About this exercise:
There is a line below that contains "Glossy White Patent Thigh High Heel Boots". Please reproduce it and all following lines exactly, through the final one.

Available records:
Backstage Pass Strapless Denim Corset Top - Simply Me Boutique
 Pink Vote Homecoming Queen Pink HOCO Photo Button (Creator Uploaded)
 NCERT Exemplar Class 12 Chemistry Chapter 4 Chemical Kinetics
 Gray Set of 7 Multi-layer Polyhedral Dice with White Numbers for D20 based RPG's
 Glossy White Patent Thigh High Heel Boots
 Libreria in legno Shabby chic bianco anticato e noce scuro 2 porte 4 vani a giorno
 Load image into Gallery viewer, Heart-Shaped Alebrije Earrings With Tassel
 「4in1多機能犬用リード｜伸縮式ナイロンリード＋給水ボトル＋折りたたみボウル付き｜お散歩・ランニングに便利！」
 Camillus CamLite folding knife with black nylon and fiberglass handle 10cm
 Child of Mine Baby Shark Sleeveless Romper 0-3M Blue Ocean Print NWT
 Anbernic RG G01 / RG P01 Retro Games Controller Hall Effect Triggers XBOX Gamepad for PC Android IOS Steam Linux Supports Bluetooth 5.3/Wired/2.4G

Result for this exercise:
 Glossy White Patent Thigh High Heel Boots
 Libreria in legno Shabby chic bianco anticato e noce scuro 2 porte 4 vani a giorno
 Load image into Gallery viewer, Heart-Shaped Alebrije Earrings With Tassel
 「4in1多機能犬用リード｜伸縮式ナイロンリード＋給水ボトル＋折りたたみボウル付き｜お散歩・ランニングに便利！」
 Camillus CamLite folding knife with black nylon and fiberglass handle 10cm
 Child of Mine Baby Shark Sleeveless Romper 0-3M Blue Ocean Print NWT
 Anbernic RG G01 / RG P01 Retro Games Controller Hall Effect Triggers XBOX Gamepad for PC Android IOS Steam Linux Supports Bluetooth 5.3/Wired/2.4G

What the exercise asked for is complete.